The goal wouldn't be to actually win but to serve as a “vehicle for policy transformation. That is, to rally the liberal base in forcing the president to speed departure of U.S. military forces and, in the process, pressure him back to the left on economic issues.”
Then he gets to the point: “So who would be crazy enough -- or just foolhardy enough -- to make a kamikaze run against Obama? Consider outgoing Central Florida Congressman Alan Grayson, the master of the outrageous sound bite, and perhaps the most reviled member of the House.”
Cool; I have no doubt Grayson, who seems to love the limelight and now is out of a job, would be up for the challenge.
But I don't see such a candidacy having much of an impact, except possibly to make things easier for the eventual Republican nominee.

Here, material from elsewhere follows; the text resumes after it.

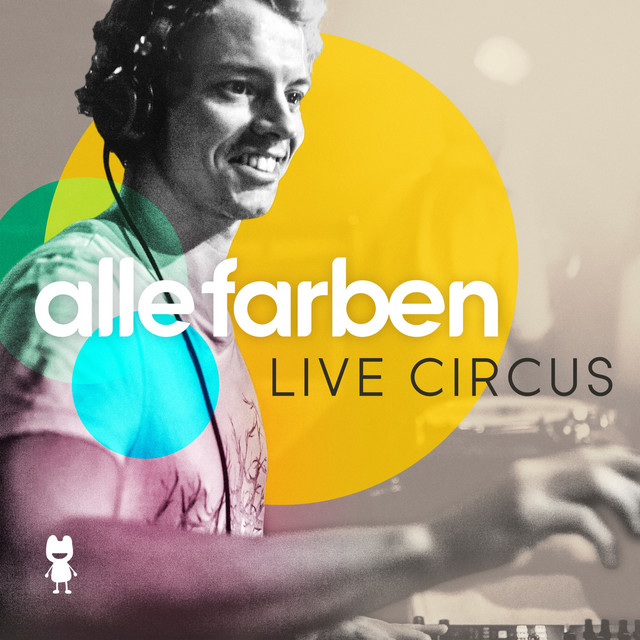Alle Farben Live Circus cover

Pinsky sees some downsides, too, including Grayson's “quicksilver personality” and the fact the race “would pit a left-wing Jew against a centrist African-American, adding yet another incendiary element to what is an increasingly volatile national relationship. Grayson has a strong pro-Israel record, and has had the local support in his congressional races of groups like AIPAC, while the Jewish community has begun to have its doubts about the Obama administration.”
It's interesting that among those suggested for a progressive primary challenge in 2012 are two Jews- Grayson and outgoing Sen. Russ Feingold (D-Wisc.).

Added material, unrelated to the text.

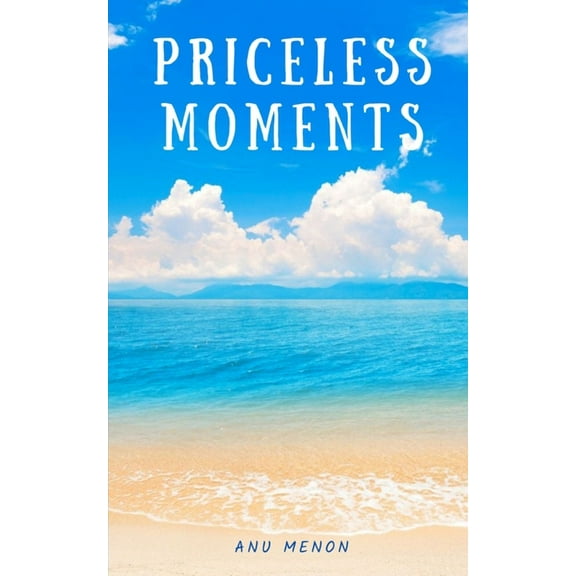 Priceless Moments, (Paperback)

Feingold, who lacks Grayson's image as a slightly wacky outsider and has three terms in the Senate under his belt, would make a more credible candidate. But he's also a more sensible politician, and I just don't see him making a suicide run that would just infuriate party leaders.
The problem in this whole analysis: there's no evidence the incredibly long, costly Afghanistan war is or will be much of an issue with the American people, the way Vietnam was for Democrats in 1968. Maybe if the war gets a lot worse, that could change, although without a draft, I doubt it.

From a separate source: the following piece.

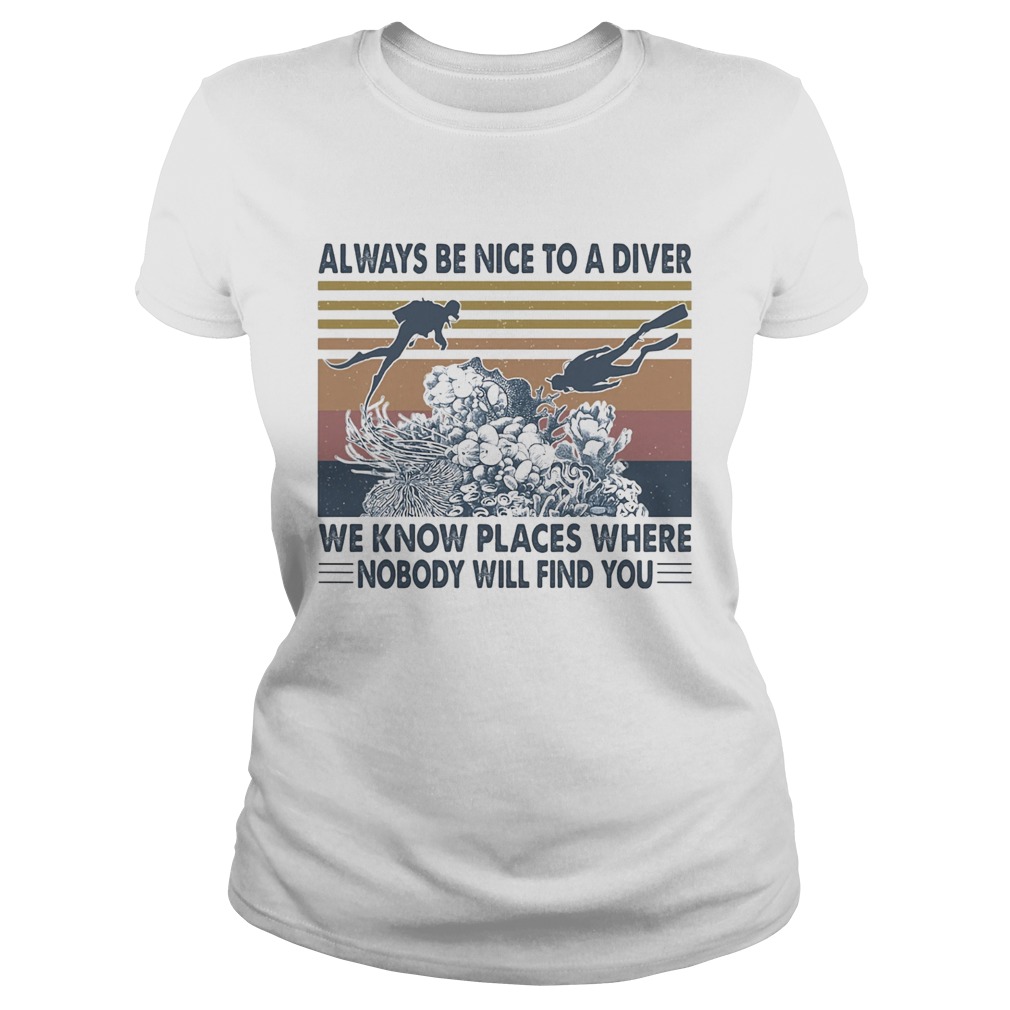 Scuba diving always be nice to a diver we know places where nobody will find you sea vintage  Classic Ladies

It's strange how an Afghanistan war that continues to go badly has faded into political background noise – and how voters can't seem to connect the dots between the astronomical costs of two long wars and our current economic woes. But there it is; barring dramatic new developments, there appears little likelihood a war Obama inherited but made his own will be a big factor in 2012.
A primary challenge to Obama on economic issues would be a lot harder to mount, since I don't hear a lot of clearly formulated ideas about how to fix the current mess coming out of the left (or the right, for that matter).
Paul Krugman for president, anybody?
There's no question President Obama has angered many of his supporters on the Democratic left, including many Jewish progressives. The big question: does he stand to gain more by his reenergized centrism than he could lose on the left?
I'm guessing yes, and that his strategists care a lot more about suburban swing voters than angry Jewish progressives. And based on recent electoral history, that could be a reasonable calculation.